A faithful copy is required of the lines from the top of the entries through the line that contains "Rolex 16233 Datejust", both included, with no pictures.

* Data listing
################

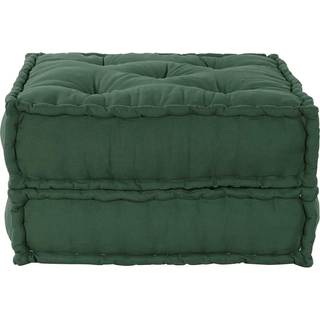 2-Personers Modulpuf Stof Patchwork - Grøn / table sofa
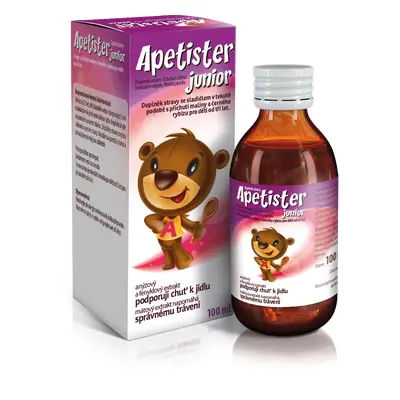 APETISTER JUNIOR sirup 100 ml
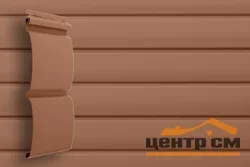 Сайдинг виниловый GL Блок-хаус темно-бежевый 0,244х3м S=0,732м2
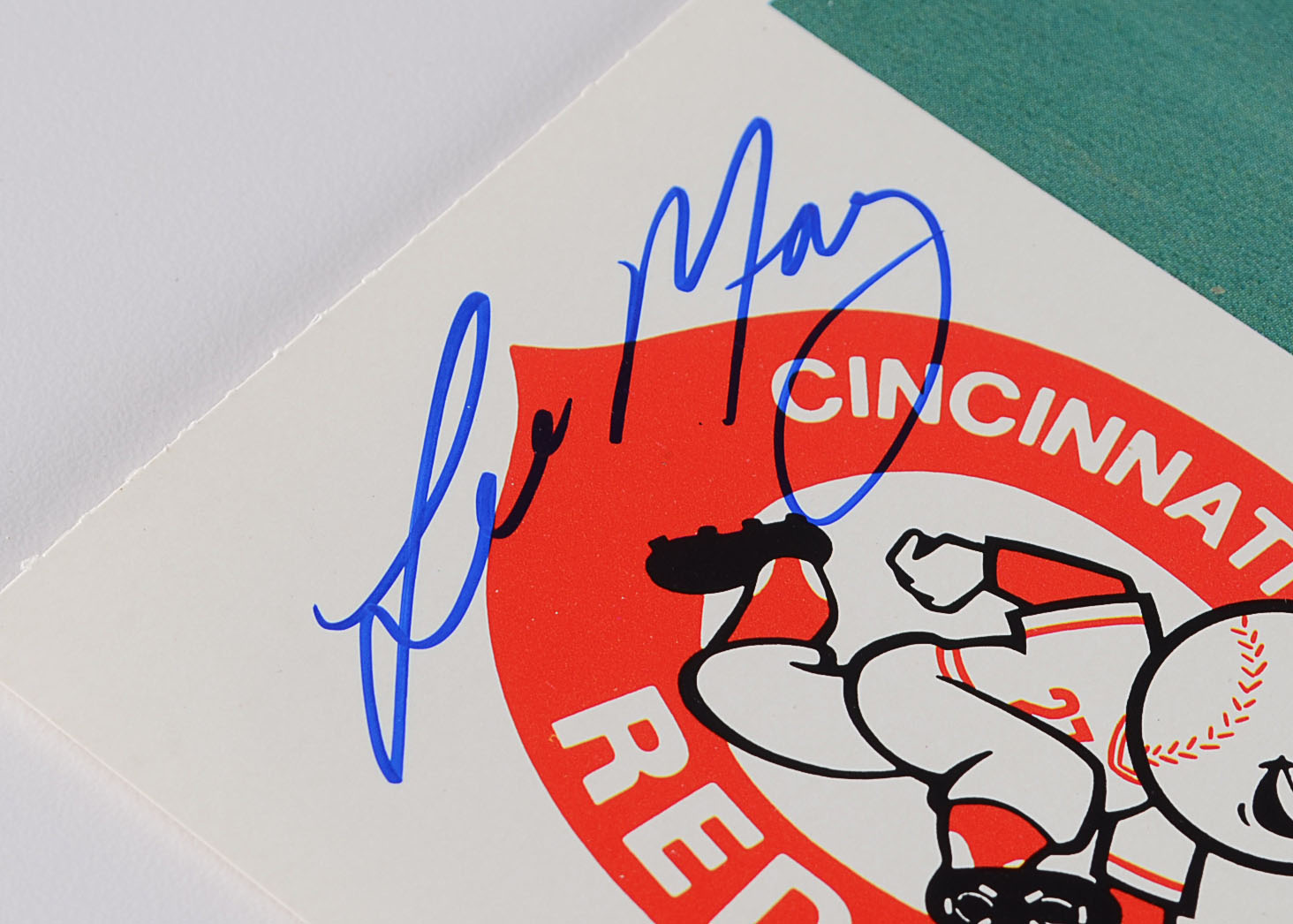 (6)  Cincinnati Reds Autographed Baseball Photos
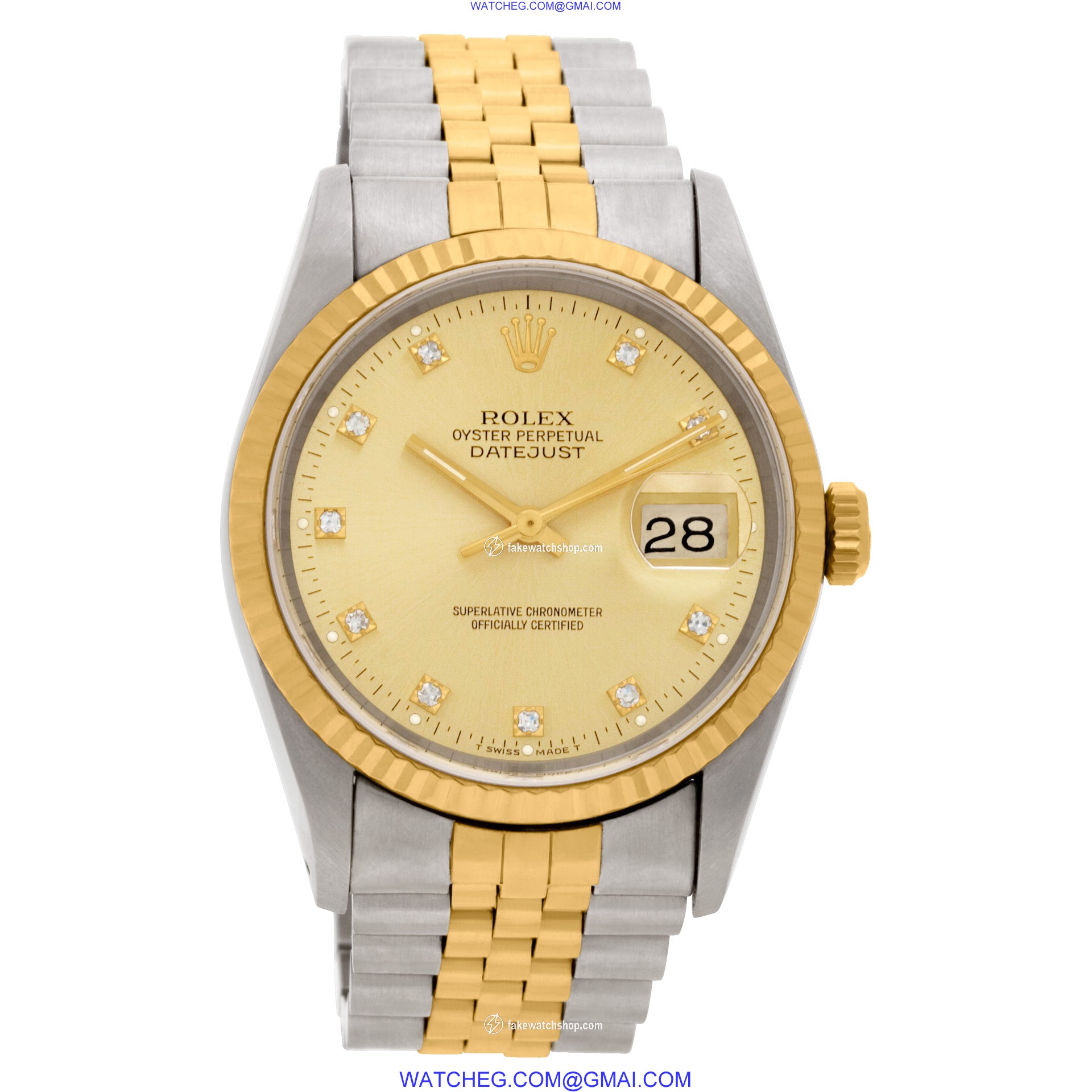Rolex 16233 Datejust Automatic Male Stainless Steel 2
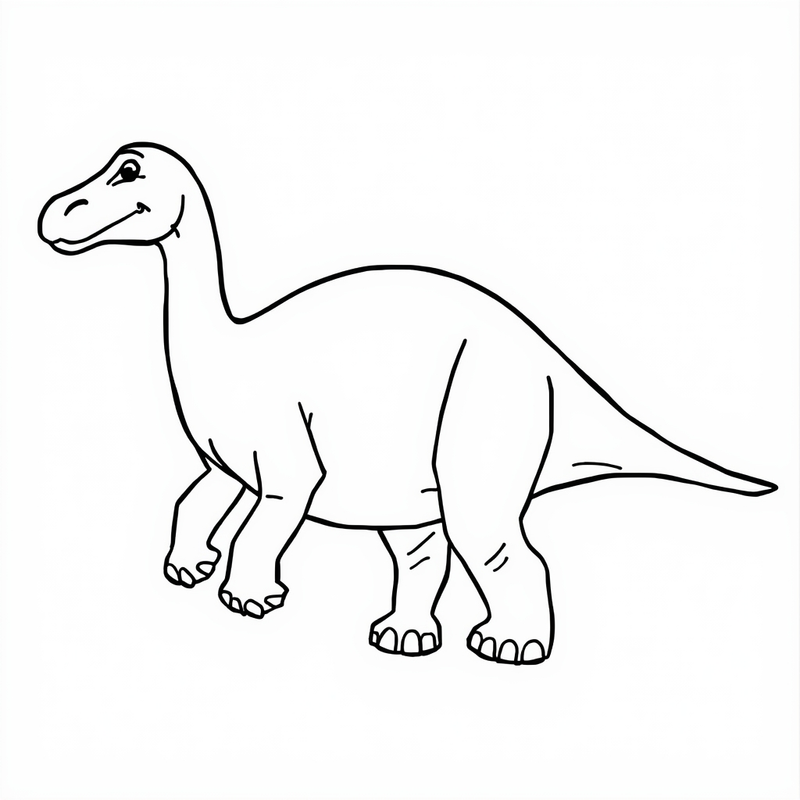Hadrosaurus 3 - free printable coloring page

################

* Answer for the task
 2-Personers Modulpuf Stof Patchwork - Grøn / table sofa
 APETISTER JUNIOR sirup 100 ml
 Сайдинг виниловый GL Блок-хаус темно-бежевый 0,244х3м S=0,732м2
 (6)  Cincinnati Reds Autographed Baseball Photos
Rolex 16233 Datejust Automatic Male Stainless Steel 2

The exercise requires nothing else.